WORK INSTRUCTION: Repeat only the lines below from the one containing "Item preview, Giraffe" through the one containing "Фильтр обратного осмоса", inclusive, exactly as written.

RECORDS SHOWN:
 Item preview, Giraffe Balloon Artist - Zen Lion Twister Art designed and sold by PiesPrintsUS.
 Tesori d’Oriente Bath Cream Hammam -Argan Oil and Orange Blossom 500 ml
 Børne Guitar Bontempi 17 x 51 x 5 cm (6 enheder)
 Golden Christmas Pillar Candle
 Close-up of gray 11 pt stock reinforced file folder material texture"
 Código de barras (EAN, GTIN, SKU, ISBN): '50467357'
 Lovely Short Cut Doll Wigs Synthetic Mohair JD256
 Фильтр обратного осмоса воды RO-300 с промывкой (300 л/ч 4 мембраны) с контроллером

...

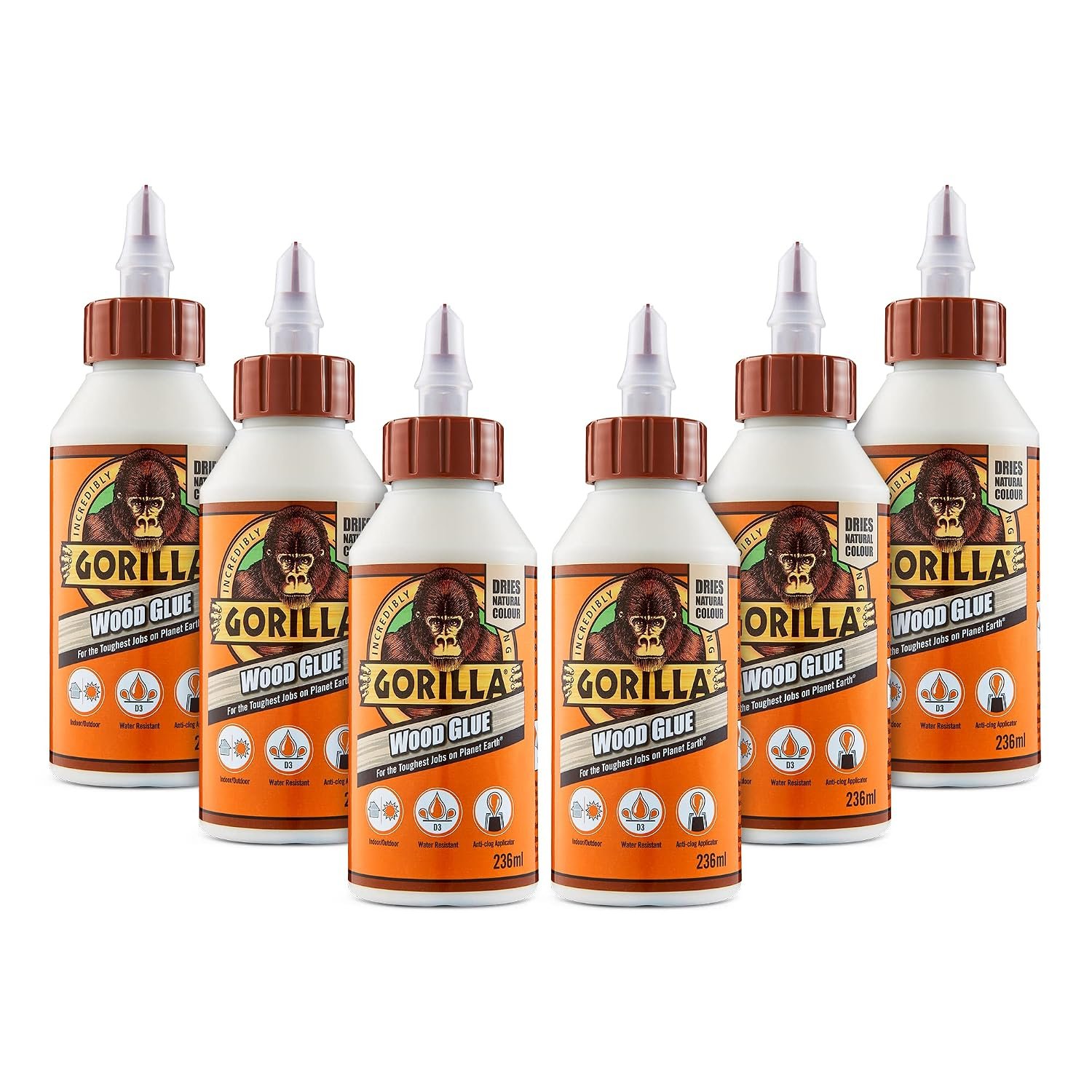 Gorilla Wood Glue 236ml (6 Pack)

...

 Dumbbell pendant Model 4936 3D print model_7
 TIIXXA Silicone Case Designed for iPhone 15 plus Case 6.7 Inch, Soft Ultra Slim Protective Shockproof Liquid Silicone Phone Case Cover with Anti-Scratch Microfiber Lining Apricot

SOLUTION FOR THIS PROBLEM:
 Item preview, Giraffe Balloon Artist - Zen Lion Twister Art designed and sold by PiesPrintsUS.
 Tesori d’Oriente Bath Cream Hammam -Argan Oil and Orange Blossom 500 ml
 Børne Guitar Bontempi 17 x 51 x 5 cm (6 enheder)
 Golden Christmas Pillar Candle
 Close-up of gray 11 pt stock reinforced file folder material texture"
 Código de barras (EAN, GTIN, SKU, ISBN): '50467357'
 Lovely Short Cut Doll Wigs Synthetic Mohair JD256
 Фильтр обратного осмоса воды RO-300 с промывкой (300 л/ч 4 мембраны) с контроллером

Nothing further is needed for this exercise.